ESPE Abstracts (2014) 82 P-D-2-3-619

A Child with Clinical and Cytogenetic Features of Male Edward Syndrome and Turner Syndrome with Bilateral Gonadoblastoma in Infancy

J MacMahona, R Morrisseya, M McDermottb, F Quinnc, A Greend & SM Lyncha


aDepartment of Paediatrics and Child Health, Cork University Hospital, Cork, Ireland; bDepartment of Histopathology, Our Lady’s Children’s Hospital, Crumlin, Dublin, Ireland; cDepartment of Paediatric Surgery, Our Lady’s Children’s Hospital, Crumlin, Dublin, Ireland; dNational Centre for Medical Genetics, Our Lady’s Children’s Hospital, Crumlin, Dublin, Ireland


Background: Mosaic Turner syndrome (TSM) commonly occurs in the form of 45,X/46,XX and 45,X/46,Xiq, although mosaicism including the presence of a Y chromosome has been well documented. It is associated with increased risk of gonadoblastoma (GB).

Objective and hypotheses: To date, there are only six reported cases of TSM with a trisomy 18 karyotype, and only two of these were phenotypically female with 45,X, 47,XY+18 karyotype.

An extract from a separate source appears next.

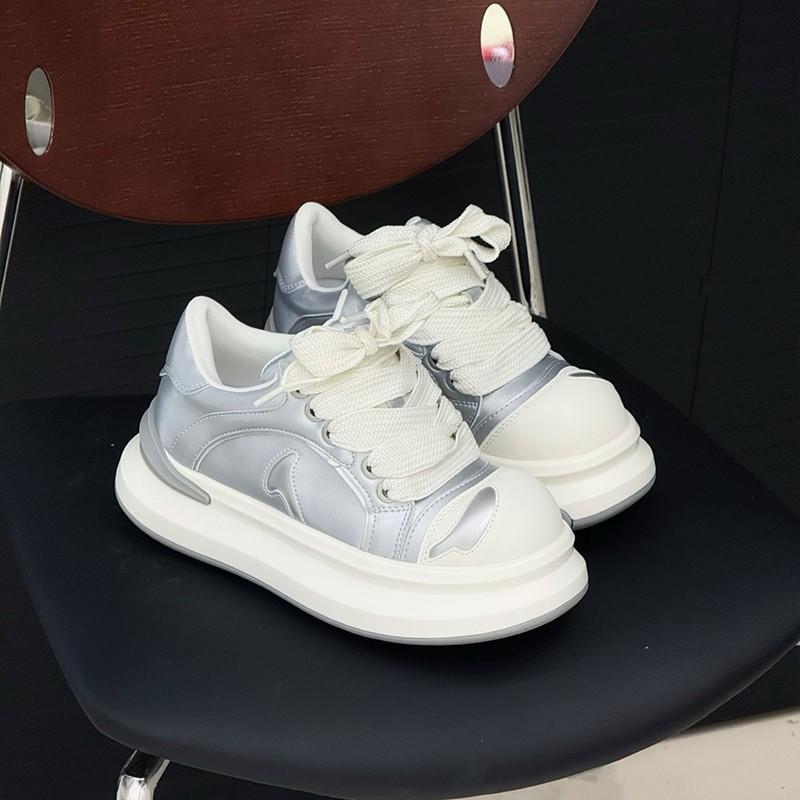 2025 spring and summer new platform bread shoes board shoes color matching versatile height increase casual sports shoes support one 2025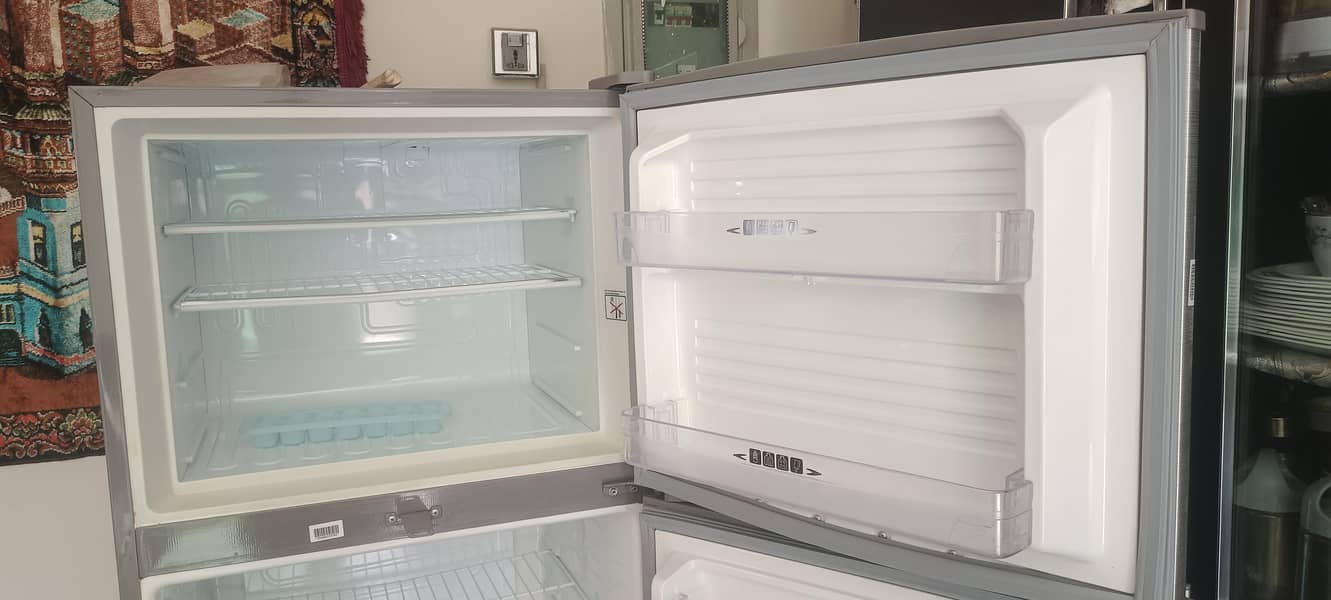 Dawlance refrigerator 9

Method: We present the case of an infant born with dysmorphic features noted at birth (webbed neck, low set ears and broad chest). G banded karyotype and interphase FISH of blood showed 45,X in 95% and 47,XY +18 (Edwards syndrome) in 5% of cells analysed. However, interphase FISH of buccal cells showed only 45,X. Increased nuchal fluid, suggestive of Edward’s syndrome had been detected at 13 weeks gestation on ultrasound but had resolved on follow-up scan at 15 weeks hence amniocentesis was not preformed. Renal ultrasound and echocardiogram were normal. Owing to presence of SRY, an elective gonadectomy was performed at 13 months of age. There were bilateral streak ovaries with early evidence of GB bilaterally, rudimentary uterus and bilateral fallopian tubes with unilateral ectopic adrenal tissue identified. Interphase FISH of the gonadal tissue was similar to the blood findings with 45,X in 86% of cells and 47,XY+18 in 14% of cells analysed.

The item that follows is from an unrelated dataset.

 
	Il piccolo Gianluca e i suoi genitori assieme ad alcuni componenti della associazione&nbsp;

Results: She is now 2 years old, growing and developing well.

Conclusion: This case highlights a rare karyotype of TSM and Edwards syndrome in the same patient. Current investigations are ongoing as to the possible causes for this unusual finding. This case was also associated with a finding of bilateral gonadoblastoma. To the authors’ knowledge this is the only case with the above karyotype with gonadoblastoma reported.